Mining for (data) gold

UPDATE: I don’t really touch on the issue of availability of data in this post but a post by Victor Venema has just come to my attention urging the WMO to agree a free data convention to free up climate data archives for science purposes. I urge you to read it and support. In Greenland at least we are lucky most of the data is open access, but we also rely on other data sources that are not…

One of the problems all modellers face, but particularly in remote regions of the earth like Greenland, is the lack of available independent observational data which can be used to compare with model output to see how well the model simulates reality.

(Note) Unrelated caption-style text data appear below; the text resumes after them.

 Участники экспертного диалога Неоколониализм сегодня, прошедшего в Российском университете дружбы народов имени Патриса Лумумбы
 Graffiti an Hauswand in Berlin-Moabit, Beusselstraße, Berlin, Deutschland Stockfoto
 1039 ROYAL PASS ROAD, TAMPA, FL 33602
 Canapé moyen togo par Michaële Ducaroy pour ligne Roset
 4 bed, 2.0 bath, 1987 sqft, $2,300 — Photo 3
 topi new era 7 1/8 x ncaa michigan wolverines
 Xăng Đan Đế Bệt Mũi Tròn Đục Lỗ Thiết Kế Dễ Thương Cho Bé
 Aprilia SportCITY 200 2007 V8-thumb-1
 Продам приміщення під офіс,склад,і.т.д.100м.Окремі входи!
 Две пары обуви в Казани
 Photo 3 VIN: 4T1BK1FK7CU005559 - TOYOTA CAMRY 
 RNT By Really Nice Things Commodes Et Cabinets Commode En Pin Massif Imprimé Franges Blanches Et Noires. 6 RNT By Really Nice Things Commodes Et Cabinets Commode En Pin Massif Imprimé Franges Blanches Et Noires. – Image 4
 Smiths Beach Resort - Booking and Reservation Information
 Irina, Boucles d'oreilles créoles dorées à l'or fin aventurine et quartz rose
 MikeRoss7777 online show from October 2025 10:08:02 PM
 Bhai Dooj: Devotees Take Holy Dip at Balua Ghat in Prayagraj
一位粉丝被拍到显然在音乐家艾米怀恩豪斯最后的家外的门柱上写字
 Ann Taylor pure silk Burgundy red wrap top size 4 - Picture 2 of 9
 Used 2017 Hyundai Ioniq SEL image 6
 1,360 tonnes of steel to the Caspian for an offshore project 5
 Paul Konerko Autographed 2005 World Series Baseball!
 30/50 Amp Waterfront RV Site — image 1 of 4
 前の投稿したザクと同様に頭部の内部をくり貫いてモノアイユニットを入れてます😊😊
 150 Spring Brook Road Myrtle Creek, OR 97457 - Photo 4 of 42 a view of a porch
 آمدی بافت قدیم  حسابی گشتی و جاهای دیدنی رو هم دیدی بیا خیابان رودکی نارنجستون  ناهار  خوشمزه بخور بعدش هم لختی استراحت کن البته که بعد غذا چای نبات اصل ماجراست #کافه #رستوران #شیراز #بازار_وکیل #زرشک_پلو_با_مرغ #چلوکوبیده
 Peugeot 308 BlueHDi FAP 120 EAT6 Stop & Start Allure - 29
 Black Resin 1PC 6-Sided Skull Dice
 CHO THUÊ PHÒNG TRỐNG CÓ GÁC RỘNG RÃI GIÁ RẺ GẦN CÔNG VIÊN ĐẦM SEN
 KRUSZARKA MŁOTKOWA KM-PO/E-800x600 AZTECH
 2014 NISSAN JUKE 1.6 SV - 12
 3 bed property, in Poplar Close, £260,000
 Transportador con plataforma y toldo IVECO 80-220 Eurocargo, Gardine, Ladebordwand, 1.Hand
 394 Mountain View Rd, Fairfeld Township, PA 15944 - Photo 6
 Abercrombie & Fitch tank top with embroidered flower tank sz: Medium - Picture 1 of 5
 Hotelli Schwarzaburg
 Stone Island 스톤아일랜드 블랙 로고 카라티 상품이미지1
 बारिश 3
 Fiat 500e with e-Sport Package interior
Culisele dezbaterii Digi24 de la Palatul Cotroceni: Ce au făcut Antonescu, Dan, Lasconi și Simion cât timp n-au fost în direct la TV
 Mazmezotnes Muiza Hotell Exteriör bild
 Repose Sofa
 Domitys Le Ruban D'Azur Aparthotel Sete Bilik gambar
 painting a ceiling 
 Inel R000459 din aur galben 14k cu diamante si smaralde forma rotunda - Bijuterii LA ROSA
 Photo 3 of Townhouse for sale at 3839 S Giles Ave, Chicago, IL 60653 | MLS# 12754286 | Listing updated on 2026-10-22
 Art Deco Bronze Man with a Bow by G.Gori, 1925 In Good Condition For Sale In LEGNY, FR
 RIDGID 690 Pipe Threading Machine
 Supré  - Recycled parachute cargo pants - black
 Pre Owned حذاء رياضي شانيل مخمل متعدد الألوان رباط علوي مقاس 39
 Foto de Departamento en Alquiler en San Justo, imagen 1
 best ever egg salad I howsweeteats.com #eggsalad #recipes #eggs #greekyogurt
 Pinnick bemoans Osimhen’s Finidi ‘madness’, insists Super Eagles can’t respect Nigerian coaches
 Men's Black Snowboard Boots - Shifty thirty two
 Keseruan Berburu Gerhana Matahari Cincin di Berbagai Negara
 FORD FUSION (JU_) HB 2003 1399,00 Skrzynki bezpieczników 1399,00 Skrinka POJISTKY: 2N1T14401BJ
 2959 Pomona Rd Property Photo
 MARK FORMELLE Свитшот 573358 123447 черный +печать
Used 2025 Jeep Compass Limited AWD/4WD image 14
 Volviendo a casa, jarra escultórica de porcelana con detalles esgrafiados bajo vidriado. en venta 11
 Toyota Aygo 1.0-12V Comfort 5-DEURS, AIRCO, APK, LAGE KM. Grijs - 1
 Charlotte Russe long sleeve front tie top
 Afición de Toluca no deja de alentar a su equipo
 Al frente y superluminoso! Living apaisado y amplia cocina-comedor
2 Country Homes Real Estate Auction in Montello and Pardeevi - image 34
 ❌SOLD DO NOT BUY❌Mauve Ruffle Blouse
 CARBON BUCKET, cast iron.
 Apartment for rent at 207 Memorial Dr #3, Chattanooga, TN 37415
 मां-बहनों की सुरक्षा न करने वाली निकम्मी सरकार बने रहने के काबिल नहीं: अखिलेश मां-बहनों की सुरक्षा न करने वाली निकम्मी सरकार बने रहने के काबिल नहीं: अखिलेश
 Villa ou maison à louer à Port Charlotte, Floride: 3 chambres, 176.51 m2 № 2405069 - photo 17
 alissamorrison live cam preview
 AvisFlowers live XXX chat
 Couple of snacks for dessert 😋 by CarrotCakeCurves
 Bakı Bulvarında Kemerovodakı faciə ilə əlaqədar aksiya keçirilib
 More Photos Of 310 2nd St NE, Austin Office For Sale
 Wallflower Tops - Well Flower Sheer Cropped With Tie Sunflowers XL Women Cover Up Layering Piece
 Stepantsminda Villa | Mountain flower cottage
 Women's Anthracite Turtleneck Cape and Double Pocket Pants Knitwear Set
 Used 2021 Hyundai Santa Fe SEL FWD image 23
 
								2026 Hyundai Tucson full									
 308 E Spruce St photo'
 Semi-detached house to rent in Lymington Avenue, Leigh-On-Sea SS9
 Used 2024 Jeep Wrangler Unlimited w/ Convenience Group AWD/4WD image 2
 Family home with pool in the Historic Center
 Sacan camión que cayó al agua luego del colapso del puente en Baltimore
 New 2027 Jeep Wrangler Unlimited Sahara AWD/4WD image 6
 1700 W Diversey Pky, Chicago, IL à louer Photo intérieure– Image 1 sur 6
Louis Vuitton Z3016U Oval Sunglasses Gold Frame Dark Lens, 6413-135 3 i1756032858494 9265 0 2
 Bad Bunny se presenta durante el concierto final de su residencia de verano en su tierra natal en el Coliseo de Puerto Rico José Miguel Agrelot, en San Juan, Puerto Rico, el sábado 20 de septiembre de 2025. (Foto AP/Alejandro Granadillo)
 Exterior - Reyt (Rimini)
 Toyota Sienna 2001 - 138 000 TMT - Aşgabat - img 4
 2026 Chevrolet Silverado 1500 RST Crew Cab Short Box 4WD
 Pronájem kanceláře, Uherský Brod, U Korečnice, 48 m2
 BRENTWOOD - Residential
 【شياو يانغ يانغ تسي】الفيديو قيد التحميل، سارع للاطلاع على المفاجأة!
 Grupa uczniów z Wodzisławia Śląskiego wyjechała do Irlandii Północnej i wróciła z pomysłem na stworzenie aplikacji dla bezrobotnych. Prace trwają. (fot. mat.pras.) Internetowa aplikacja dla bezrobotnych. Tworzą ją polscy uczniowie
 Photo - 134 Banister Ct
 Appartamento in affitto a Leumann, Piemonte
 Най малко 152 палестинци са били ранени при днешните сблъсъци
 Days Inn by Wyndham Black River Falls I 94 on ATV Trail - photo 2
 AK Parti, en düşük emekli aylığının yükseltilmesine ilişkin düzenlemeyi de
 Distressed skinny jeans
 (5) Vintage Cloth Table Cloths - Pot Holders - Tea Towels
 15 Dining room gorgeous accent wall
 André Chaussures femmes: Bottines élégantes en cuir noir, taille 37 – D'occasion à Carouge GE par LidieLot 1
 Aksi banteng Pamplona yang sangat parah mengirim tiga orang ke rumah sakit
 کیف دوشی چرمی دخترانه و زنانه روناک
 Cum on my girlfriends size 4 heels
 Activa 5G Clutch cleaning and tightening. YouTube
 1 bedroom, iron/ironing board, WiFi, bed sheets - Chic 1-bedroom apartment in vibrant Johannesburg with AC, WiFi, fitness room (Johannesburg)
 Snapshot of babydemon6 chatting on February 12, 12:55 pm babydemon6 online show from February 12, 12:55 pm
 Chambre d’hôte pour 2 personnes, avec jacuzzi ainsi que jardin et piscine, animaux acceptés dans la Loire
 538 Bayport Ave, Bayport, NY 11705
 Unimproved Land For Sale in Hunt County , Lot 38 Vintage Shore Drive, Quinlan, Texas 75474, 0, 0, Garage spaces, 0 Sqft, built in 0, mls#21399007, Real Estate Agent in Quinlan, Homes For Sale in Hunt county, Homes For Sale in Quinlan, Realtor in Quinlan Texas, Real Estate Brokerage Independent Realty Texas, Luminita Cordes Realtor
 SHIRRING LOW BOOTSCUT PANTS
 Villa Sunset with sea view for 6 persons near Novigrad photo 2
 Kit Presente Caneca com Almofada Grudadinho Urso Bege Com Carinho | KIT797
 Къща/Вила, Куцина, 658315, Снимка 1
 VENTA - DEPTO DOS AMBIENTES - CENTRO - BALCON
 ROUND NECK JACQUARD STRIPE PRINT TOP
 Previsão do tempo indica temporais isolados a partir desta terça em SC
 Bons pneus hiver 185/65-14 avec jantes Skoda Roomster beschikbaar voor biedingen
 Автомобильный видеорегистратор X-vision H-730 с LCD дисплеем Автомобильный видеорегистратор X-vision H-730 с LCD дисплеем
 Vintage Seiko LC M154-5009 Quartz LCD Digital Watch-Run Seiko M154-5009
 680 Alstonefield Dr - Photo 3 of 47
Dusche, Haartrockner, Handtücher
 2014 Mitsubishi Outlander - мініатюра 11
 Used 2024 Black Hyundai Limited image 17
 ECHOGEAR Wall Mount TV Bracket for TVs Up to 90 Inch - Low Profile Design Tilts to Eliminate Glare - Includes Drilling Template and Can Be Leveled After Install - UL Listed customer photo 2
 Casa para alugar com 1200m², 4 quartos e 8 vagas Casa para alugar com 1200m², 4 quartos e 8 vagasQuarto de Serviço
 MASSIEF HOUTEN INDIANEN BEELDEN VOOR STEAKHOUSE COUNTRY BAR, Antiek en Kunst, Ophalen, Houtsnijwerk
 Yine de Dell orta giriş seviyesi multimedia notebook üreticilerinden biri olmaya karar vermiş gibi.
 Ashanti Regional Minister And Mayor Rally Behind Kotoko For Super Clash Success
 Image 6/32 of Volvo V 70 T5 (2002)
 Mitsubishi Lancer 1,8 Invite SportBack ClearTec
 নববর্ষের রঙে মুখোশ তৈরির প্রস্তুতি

Compariosn between modelled and observed monthly mean temperatures for Danmarkshavn using DMI automatic weather station data and HIRHAM5 model output
Comparison between modelled and observed monthly mean temperatures for Danmarkshavn using DMI automatic weather station data and HIRHAM5 model output
Comparison with Promice KPC_U station observations and HIRHAM5 modelled monthly mean temperatures
Comparison with Promice KPC_U station observations and HIRHAM5 modelled monthly mean temperatures

I actually spend much more time trying to model the recent past (say the last 35 years or so, almost my whole lifetime), rather than the future. We can compare the model output with specific metrics to assess if the model is representing any particular processes well or poorly. If the latter then clearly we need to do a bit of work to improve it, or alternatively we can gain an insight into how a particular process or system works. This is a gigantic topic to explore and I recommend the blogs Variable Variability from Victor Venema and the Climate Lab Book from Ed Hawkins and Doug McNeall if you really want to get into it.

(As an aside and related to my previous post, I generate model output faster than I can look at it, so any students who are interested in a project looking at observations and model output for any/all of various locations in the Arctic do get in touch. I have some particularly interesting results from Devon Island I don’t really have time to get into right now…)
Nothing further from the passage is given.